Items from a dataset
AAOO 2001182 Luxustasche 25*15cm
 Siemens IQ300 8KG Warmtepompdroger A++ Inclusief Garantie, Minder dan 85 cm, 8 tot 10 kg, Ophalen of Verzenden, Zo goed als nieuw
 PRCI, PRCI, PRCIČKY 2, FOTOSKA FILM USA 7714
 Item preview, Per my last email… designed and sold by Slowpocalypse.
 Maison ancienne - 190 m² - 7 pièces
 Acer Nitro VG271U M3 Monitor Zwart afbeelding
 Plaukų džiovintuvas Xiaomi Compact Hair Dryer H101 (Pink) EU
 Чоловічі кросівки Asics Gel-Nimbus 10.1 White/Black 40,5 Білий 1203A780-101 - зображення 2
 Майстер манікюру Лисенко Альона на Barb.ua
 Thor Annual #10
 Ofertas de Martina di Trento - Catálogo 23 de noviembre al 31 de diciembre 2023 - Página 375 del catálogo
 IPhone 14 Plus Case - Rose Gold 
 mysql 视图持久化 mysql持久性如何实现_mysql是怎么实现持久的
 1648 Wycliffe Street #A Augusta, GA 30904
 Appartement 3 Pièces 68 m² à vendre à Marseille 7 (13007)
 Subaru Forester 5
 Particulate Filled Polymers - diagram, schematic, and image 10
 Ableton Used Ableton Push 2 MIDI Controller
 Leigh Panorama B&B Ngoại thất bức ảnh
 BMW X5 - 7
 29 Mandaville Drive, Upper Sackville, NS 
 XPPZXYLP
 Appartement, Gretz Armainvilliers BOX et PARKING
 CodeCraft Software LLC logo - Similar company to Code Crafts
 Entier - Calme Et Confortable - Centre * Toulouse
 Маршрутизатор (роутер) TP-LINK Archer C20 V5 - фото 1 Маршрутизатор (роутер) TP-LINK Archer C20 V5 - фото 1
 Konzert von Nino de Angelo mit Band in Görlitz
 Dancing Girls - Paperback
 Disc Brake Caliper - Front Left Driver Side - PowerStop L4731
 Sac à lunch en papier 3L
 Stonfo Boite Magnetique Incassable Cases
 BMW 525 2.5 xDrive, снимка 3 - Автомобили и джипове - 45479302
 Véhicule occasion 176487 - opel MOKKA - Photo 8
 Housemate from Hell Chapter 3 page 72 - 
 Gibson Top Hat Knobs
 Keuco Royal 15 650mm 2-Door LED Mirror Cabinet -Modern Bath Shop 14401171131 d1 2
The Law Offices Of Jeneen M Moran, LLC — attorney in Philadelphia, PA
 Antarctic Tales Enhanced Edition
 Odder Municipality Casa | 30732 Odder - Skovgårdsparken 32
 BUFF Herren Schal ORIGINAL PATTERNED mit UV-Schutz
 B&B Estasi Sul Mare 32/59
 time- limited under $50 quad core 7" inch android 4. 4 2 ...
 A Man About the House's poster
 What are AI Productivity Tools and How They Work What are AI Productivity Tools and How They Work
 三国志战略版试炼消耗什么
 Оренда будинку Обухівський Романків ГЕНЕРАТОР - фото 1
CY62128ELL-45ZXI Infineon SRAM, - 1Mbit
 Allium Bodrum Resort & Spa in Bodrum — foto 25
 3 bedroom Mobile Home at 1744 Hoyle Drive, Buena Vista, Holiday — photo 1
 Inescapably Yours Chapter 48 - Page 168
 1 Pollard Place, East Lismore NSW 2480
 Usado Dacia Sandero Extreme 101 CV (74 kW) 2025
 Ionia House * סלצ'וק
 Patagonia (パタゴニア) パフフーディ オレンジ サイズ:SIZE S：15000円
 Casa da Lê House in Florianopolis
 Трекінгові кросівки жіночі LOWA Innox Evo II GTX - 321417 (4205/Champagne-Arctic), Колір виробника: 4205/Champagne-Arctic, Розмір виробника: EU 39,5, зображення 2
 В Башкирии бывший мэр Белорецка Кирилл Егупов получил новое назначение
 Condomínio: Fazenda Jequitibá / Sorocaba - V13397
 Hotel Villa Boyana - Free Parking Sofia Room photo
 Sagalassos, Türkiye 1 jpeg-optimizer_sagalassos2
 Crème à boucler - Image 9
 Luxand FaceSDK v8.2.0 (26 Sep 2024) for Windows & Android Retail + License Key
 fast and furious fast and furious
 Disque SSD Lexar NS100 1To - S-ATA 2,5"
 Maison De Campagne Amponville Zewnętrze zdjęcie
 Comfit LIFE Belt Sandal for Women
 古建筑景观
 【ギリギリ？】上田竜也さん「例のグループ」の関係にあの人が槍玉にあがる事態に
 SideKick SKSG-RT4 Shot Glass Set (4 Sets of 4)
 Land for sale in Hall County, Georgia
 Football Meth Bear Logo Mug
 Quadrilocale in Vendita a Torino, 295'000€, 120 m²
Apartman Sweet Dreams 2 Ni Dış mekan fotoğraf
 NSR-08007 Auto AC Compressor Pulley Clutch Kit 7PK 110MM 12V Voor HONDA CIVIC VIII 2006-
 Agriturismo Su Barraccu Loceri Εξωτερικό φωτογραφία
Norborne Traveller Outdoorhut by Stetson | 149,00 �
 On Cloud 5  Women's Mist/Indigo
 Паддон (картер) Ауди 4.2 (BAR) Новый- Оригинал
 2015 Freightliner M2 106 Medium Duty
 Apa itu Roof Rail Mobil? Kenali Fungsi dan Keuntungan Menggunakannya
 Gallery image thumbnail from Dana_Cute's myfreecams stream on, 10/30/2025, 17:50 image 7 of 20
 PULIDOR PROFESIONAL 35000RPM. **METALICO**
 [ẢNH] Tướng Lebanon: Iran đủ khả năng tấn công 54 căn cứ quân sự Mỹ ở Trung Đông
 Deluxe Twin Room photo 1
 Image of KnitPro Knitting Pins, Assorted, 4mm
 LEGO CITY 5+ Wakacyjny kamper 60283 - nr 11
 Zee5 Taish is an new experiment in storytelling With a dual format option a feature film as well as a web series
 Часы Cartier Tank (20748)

> YOUR ASSIGNMENT
Filter the records above down to the lines that hold the string "кросівки".

> ANSWER TO THE EXERCISE
 Чоловічі кросівки Asics Gel-Nimbus 10.1 White/Black 40,5 Білий 1203A780-101 - зображення 2
 Трекінгові кросівки жіночі LOWA Innox Evo II GTX - 321417 (4205/Champagne-Arctic), Колір виробника: 4205/Champagne-Arctic, Розмір виробника: EU 39,5, зображення 2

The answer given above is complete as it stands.